A few points to make

We do expect her to get a job during the year and work during holidays, but we’re giving her a month or two to settle into a new city and new routine first.

Credit card = debt. She doesn’t need one, plus the points offered are rubbish. Her Debit card will suffice.

Student overdraft? Absolutely not. It’s an enticement into debt. Her $500 cash emergency fund (which earns interest) will do the trick.

We expect her to continue applying for scholarships.

She doesn’t qualify for a student allowance as our household income is just above the threshold.

We will continue to cover her phone and health insurance because they are intertwined with ours. And while she will pay for some fuel, we will cover her car‑related costs such as WOF and servicing. She found a free one-year sign-up for roadside assistance through AMI. 

For now, her 50% investment rate is on hold. Her outgoings are simply too high. Instead, she now invests 20%, spends 30%, and saves 50% toward university costs. I’ve stressed the importance of continually investing at least 20%, even when life is expensive.

Collaboration with our child has been key

Getting her through university debt‑free is a collaborative effort between the three of us. She is pulling her weight, has worked part-time during the year and full-time over the summer, and has treated both her and our money with respect. Because she is making a strong effort - and because Jonny and I are financially independent - we can afford to cover the shortfall. We’ll continue to do so until her education is complete.

As I write all this down, I’m feeling pretty confident that she is good to go. Gold star to me! But, most importantly, SHE is feeling confident too. 

Worth noting, because it doesn’t come across here, is that you might think I’ve got the perfect child, keen to engage and learn all she can about money.

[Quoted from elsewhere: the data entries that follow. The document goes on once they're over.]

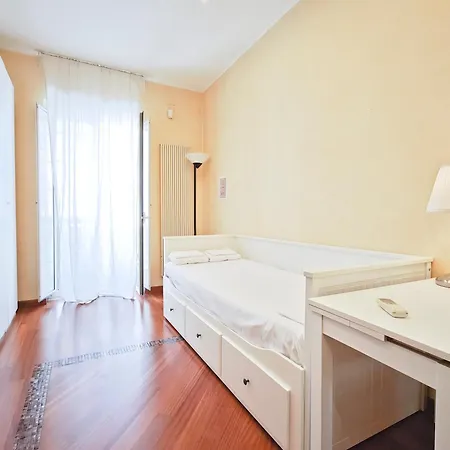 Leylah Apartmán *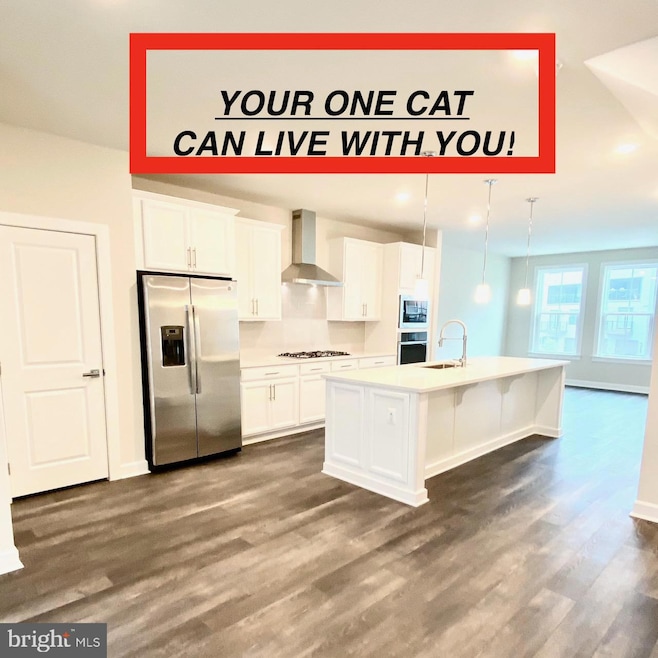 2343 Water Promenade Ave, Herndon, VA 20171 - photo 1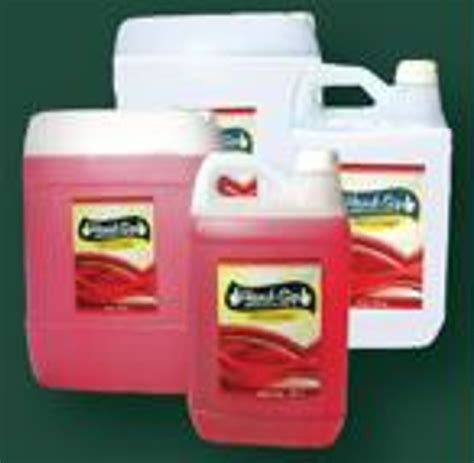 handsip sabun cuci tangan pt handsuco indonesia
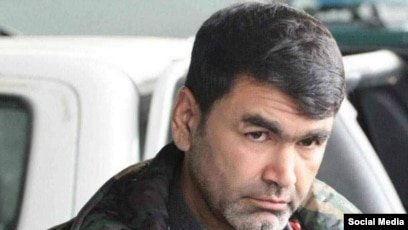 نقش استخبارات طالبان در قتل جنرال اکرام&zwnj;الدین سریع تایید شد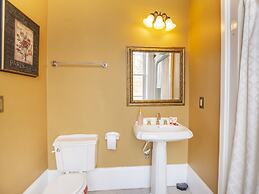 Falls of Rough Resort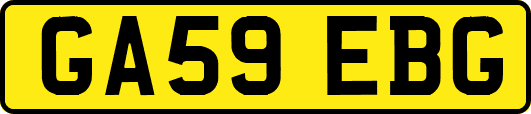 GA59EBG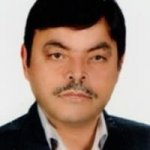 دکتر محمود بابائیان کارشناس ارشد طب سنتی ایرانی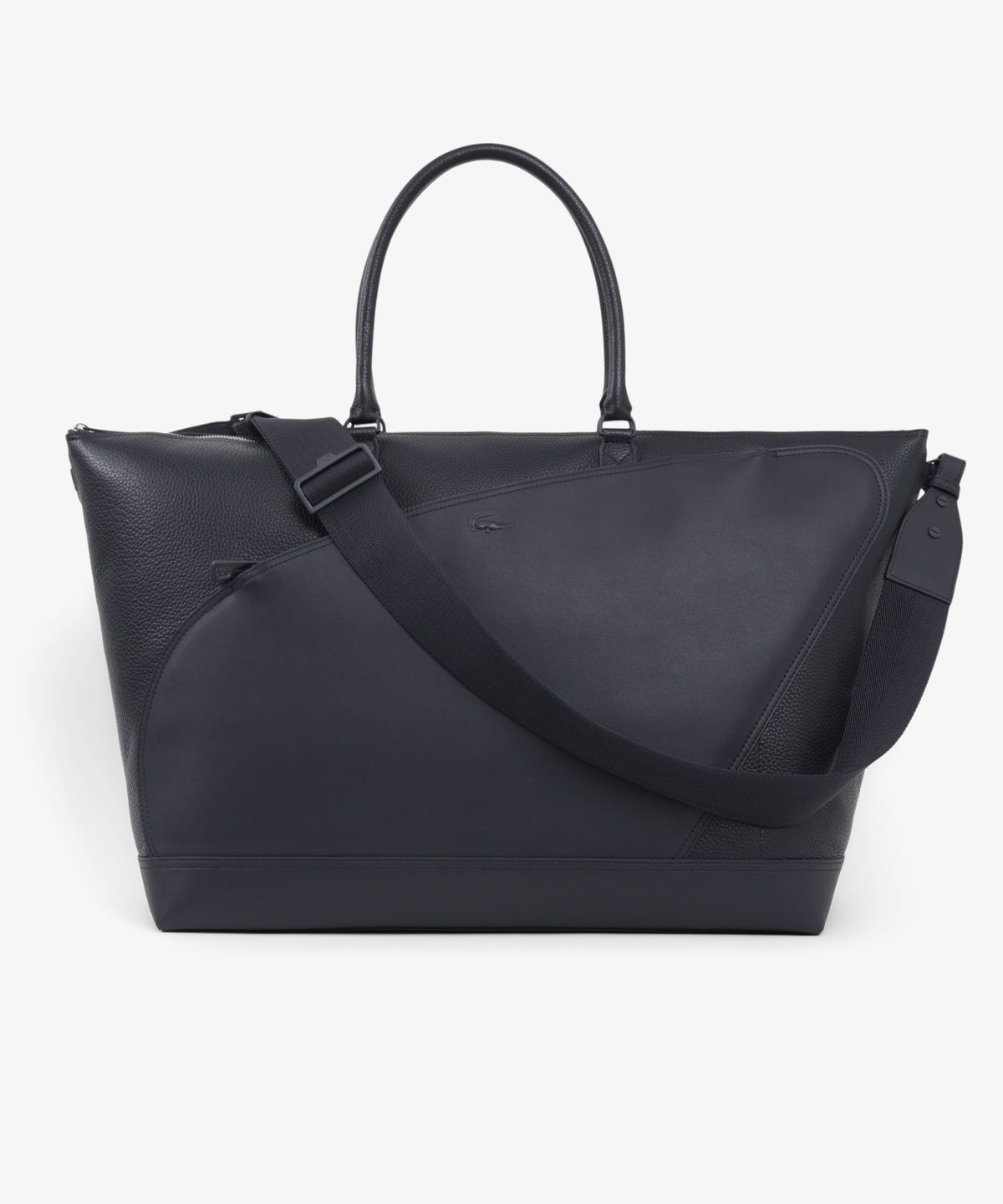 라코스테(LACOSTE) 남성 클럽라코스테 더플백 NH5260U56G L24
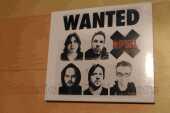 RPWL / Wanted - 2014 / EU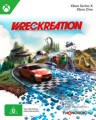 Wreckreation (Xbox X Game)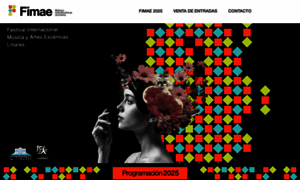 Fimaelinares.com thumbnail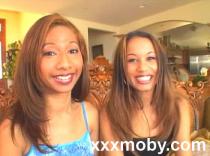 Tai Lavay and Mya Mason in Cum Swapping Sluts 5 - Part 0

She has never ever been excited to talk about money, learn to invest, or hustle for income. Yes, I wish I were blessed with that child, but alas, haha, NO! But I think it has been the best thing for me, because I knew I had to help her learn and understand anyway. After all, money is such an integral part of everyday life, and she has had to learn about it regardless. And to me, that is the real win for us as parents. We’ve taught her a life skill - despite her not being keen to learn it! 

And in moments of teenage generosity, I know she is grateful to be in the financial position she is in, with the knowledge she has. If we hadn’t persisted, she would be heading straight into student debt at age 18 without understanding its future implications. 

I hope this helps you think about the young people in your life and what small steps you might take, long before university is even on the horizon, to help them feel financially confident.

But, before I go, just one last thing.

The Elephant in the Room: Why not just take out a student loan?

This is a question I’m often asked. Below is a recent email I sent in reply.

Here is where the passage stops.